Übergewinnsteuern sind keine neuartige Erfindung. Sie werden bzw. wurden schon häufi­ger in Krisenzeiten zeitlich begrenzt erhoben. Großbritannien wendete sie im Ersten Welt­krieg mit Steuersätze von 50-80% und im Zweiten Weltkrieg mit 60% an. Die USA erho­ben während der Weltwirtschaftskrise 20-80% und im Zweiten Weltkrieg bis zu 95%. Frankreich praktizierte im Ersten Weltkrieg eine Übergewinnsteuer von 50-80%. Einbezo­gen waren zumeist fast alle Unternehmen, nicht nur einzelne Branchen. Zur Steuerbemes­sung diente der Vergleich mit Normalgewinnen in Friedenszeiten. In Deutschland gab es zeitweise eine Hauszinssteuer auf Mehrerträge, die Immobilienbesitzer während der Hy­perinflation 1923 erzielten.

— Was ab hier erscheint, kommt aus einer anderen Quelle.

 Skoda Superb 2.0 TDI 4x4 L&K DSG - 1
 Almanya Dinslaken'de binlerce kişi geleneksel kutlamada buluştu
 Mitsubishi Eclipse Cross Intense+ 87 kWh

In der Krisensituation 2022 haben Spanien, die Tschechei,  Großbritannien, Griechenland, Italien, Rumänien und andere Staaten eine Übergewinnsteuer auf Erträge aus dem Ener­giegeschäft eingeführt. Slowenien und Ungarn erhoben Sondersteuern in anderen Bran­chen bzw. aus anderen Gründen.

Im März 2022 erlaubte die EU den Mitgliedstaaten ausdrücklich, bis Ende Juni 2022 eine Besteuerung „übermäßiger Erlöse aus der Stromerzeugung“ vorzunehmen. Die EU-Ver­ordnung über „Notfallmaßnahmen als Reaktion auf die hohen Energiepreise“ vom Okto­ber 2022 sieht für fossile Energieunternehmen für 2022 und 2023 eine befristete obligatori­sche Abgabe mit einem Steuersatz von mindestens 33% auf jeden Gewinn vor, der den Durchschnittsgewinn um mindestens 20% übersteigt.  Die Steuereinnahmen sollen an die Strom-Endverbraucher verteilt werden.

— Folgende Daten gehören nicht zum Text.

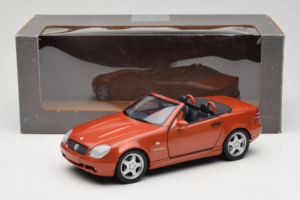 Mercedes SLK R170 230 AMG Orange Metallic Minichamps 1:18 B66005227 Pressofusione — immagine 9 di 9
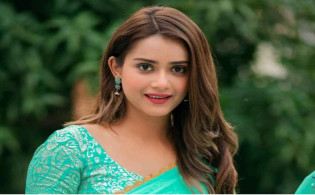 তানজিন তিশার দুই পোস্টে দুই রকম গল্প!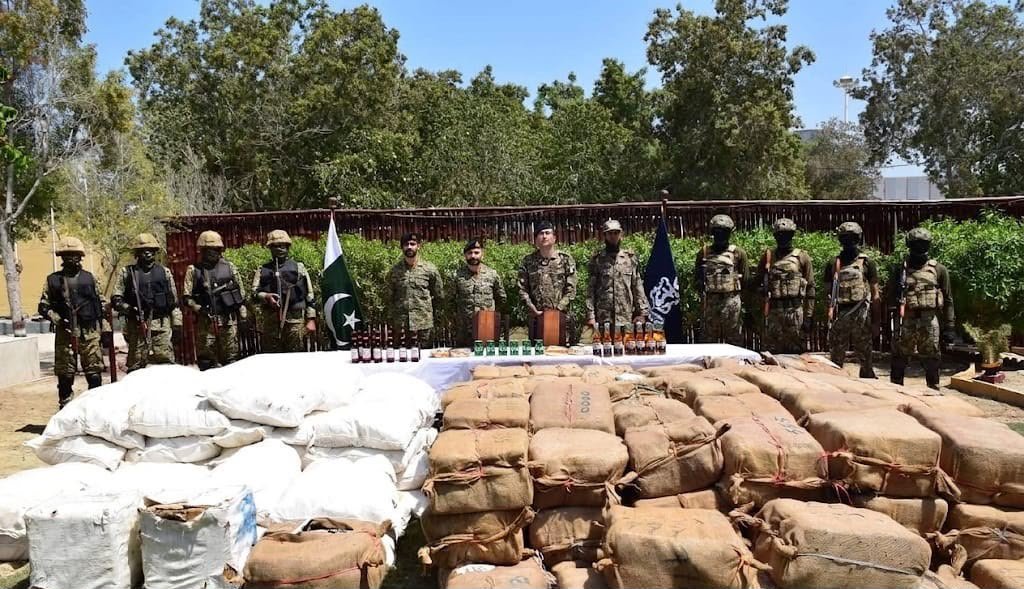 Pakistan Navy, Coast Guards Foil Smuggling Attempt in Pishukan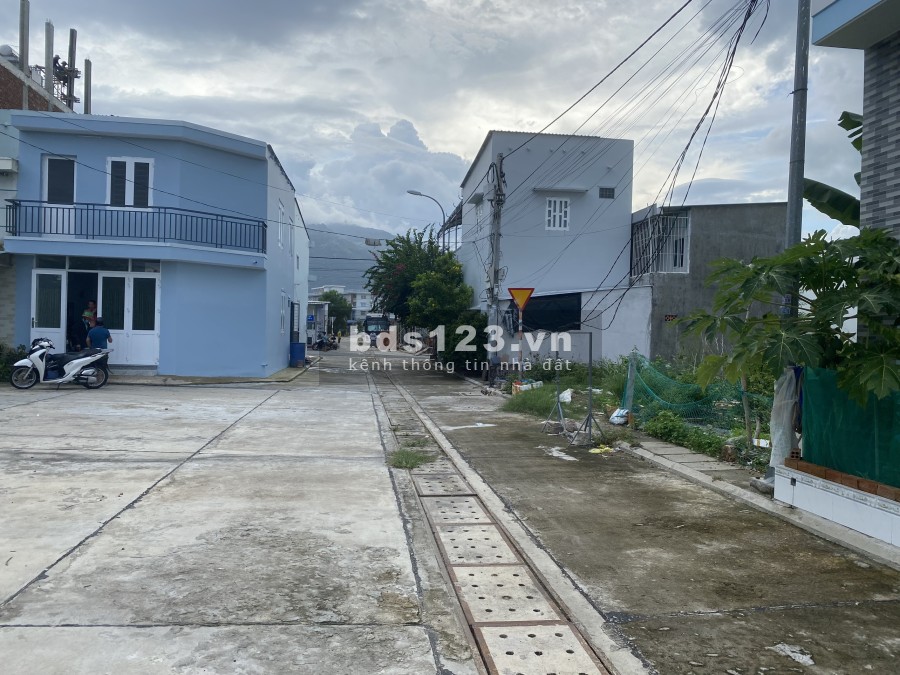 Bán đất khu tái định cư Hòn Rớ 2 phía sông mát mẻ cả ngày lh 0907901572 vị trí đắc địa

Die Ziele der Verordnung sind anspruchsvoll: Sie will gleichzeitig die Belastungen für ge­fährdete Haushalte und Unternehmen verringern, die Inflation eindämmen, die Energiesi­cherheit aufrechterhalten und die Nutzung von erneuerbaren Energien fördern. Das Ein­greifen der EU soll negative Auswirkungen auf den europäischen Energiemarkt durch un­koordinierte nationale Maßnahmen verhindern.

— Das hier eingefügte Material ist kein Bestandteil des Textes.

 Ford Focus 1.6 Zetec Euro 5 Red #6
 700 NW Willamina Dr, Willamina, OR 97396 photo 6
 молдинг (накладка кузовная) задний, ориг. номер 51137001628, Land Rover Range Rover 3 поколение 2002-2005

Die EU rechnete mit Einnahmen von rund 20 Mrd. €. Steuerpflichtig sind – unabhängig von ihrer Rechtsform –  jene gewerblichen Unternehmen, die zumindest 75% ihres Umsat­zes aus wirtschaftlicher Betätigung in den Sektoren  Erdöl- und Erdgasförderung, Kohle, Koks und Erdölraffination erzielen. Allerdings ist nicht auszuschließen, dass manche Unternehmen ihre Umsätze oder Gewinne in andere Sparten verlagern und sich (teilweise) der Steuer entziehen. Die Umsetzung der Verordnung durch die einzelnen Mit­gliedstaaten ist nicht einheitlich. So gelten mancherorts unterschiedliche Obergrenzen, je nachdem, welche Technologie angewendet wird. Teilweise wird – wie in Deutschland – der Mindeststeuersatz von 33% erhoben teils geht es bis zu 7 % wie in Irland.

Übergeordnetes Ziel bleibt es, Übergewinne im Interesse der Verbraucher/innen generell zu verhindern. Dazu hat die EU im Frühjahr 2023 Reformvorschläge vorgelegt. Vorgese­hen ist, die am Markt erzielbaren Einnahmen bestimmter Erzeuger künftig dauerhaft zu begrenzen. Das wäre dann ein tiefgreifender, aber überfälliger Eingriff in den Markt. Mög­lich und zulässig ist dies jedoch, wie z.B. Regelungen im Wohnungsmarkt zeigen. Ange­sichts der weltweiten Kapitalmobilität plädiert die EU zumindest für eine koordinierte Ein­führung von Übergewinnsteuern. So könnte verhindert werden, dass auf benachbarten Märkten unterschiedliche wirtschaftliche Bedingungen erzeugt werden.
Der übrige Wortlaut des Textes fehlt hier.